Preparation of the filling is the first step in making buuz. First, the meat is minced and mixed with garlic and onion. Then water is added to the mixture until it is smooth and easy to manipulate. The final step is to add the spices, which can include several different kinds of herbs in addition to the traditional salt and fennel seed.
Buuz dough is made of flour and water. The ingredients are mixed together until they form a workable dough, and then left to sit for several minutes. Then the dough is rolled into wide slices, which are cut into the pieces that will form the exterior of each dumpling. These are flattened in preparation for the filling.
Assembling the dumplings is the most challenging aspect of preparing buuz. The skill with which they are made can be a matter of great pride among Mongolians. An experienced cook will be able to prepare several dumplings quickly and with little thought.
The pieces of dough are first rolled into circles. The edges are made thinner than the center, so that they are strong enough to hold the filling, but easier to press together at the edges. Once the dough is rolled, the dumplings should be made as quickly as possible, as the dough will be more difficult to work with when it begins to dry.
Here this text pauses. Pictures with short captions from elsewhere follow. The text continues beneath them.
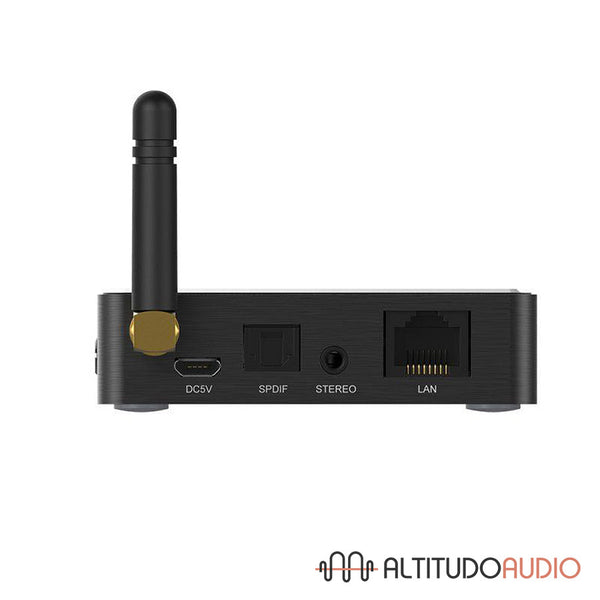 iEast Omini M20 Wireless Streamer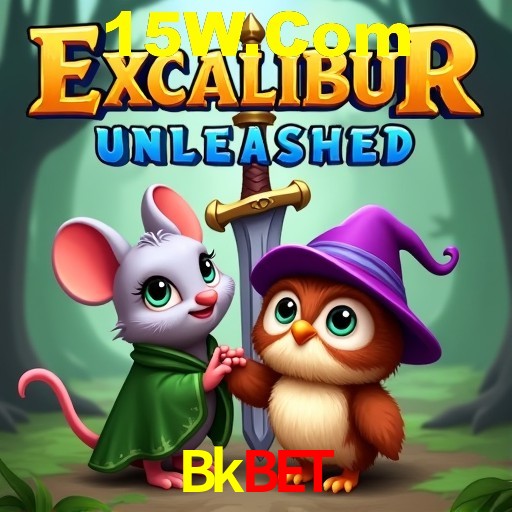 PIX Instantâneo Bkbet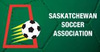 Saskatchewan_soccer_assoc_element_view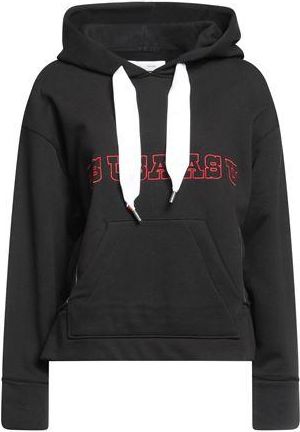 Reebok TOPWEAR - Sweatshirts on YOOX.COM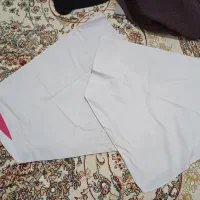 مانتو مقنعه کلاس اول|لباس|کرمانشاه, |دیوار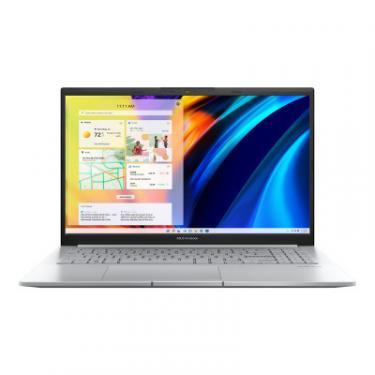 Ноутбук ASUS Vivobook Pro 15 OLED K6502HE-MA050 Фото
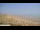 Webcam in Longeville-sur-Mer, 0 km entfernt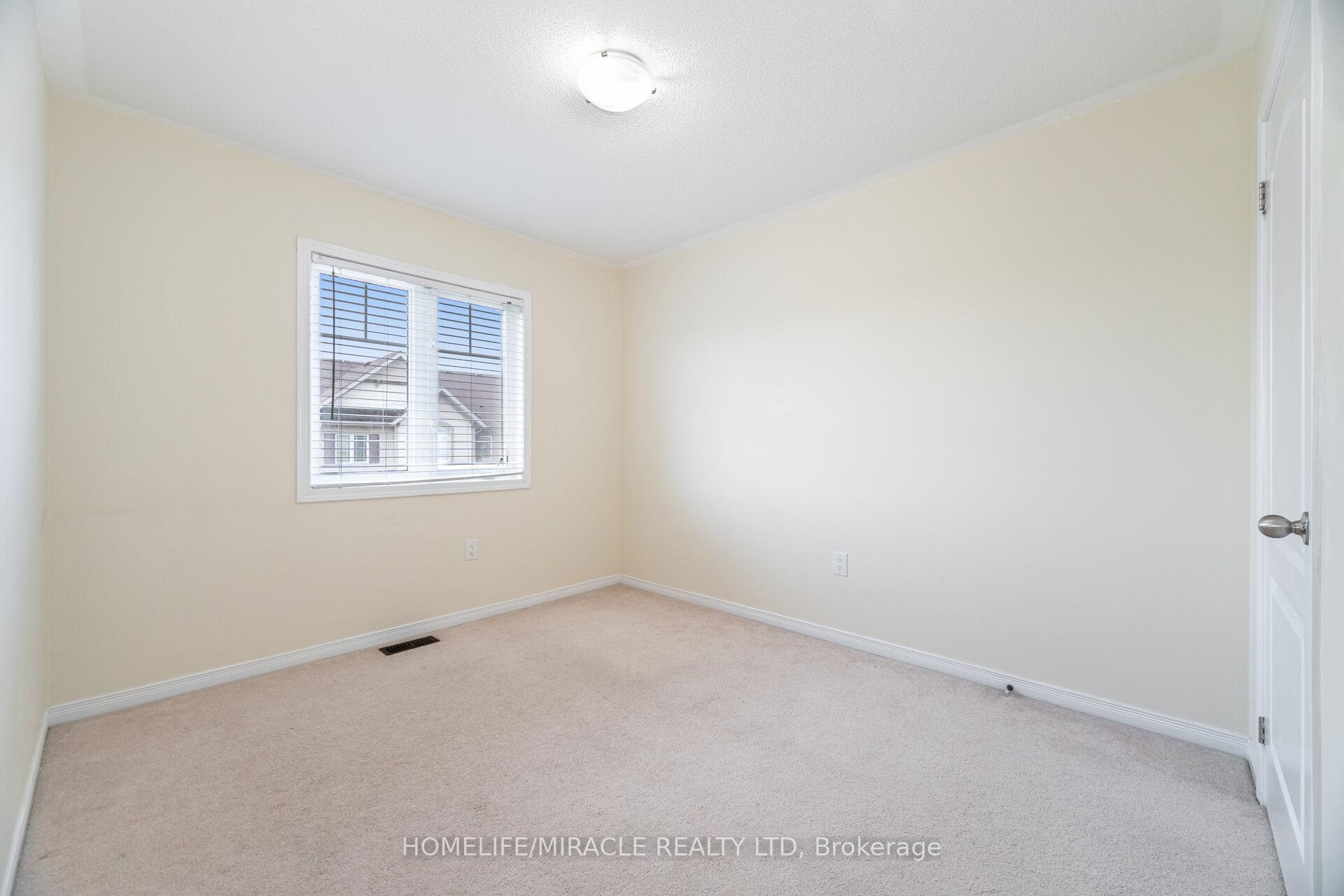 Photo 25 of 12466 Kennedy Road, Caledon, Rural Caledon — HOMEH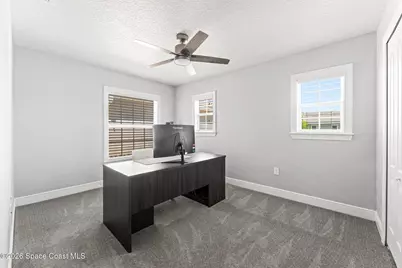 1795 Kole Place #106, Melbourne, FL 32935 - Photo 22
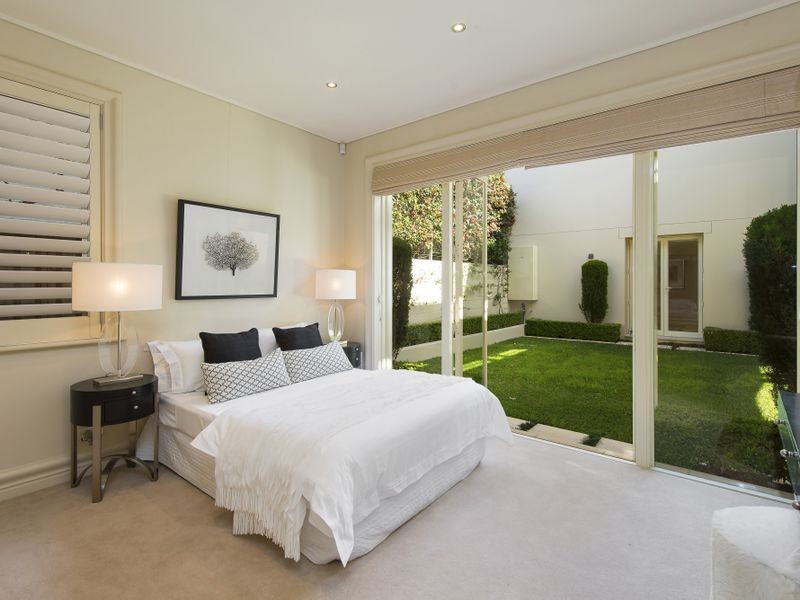 5 Stanley Avenue, Mosman NSW 2088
Buuz dumplings are usually formed in one of three traditional shapes: round, folded, or semicircle. Round dumplings are the most popular; they are made by pinching a small series of folds in a circle around the filling and then twisted at the top. The fold method is easier, as it requires only four pinches along the edges to form the dumpling. Semicircular dumplings are less popular, but also can be made more quickly, as they require only one fold and a series of pinches along the open edges. In all cases, a hole is left open in the dumpling in order to allow maximum efficiency during steaming.
A similar type of Mongolian dumpling is khuushuur. The primary difference between the two is that khuushuur is fried. Buuz also have an opening at the top, rather than being pressed closed. Similar equivalents in other countries include the Polish pierogi, the Tibetan and Nepalese momo and the Chinese gyoza.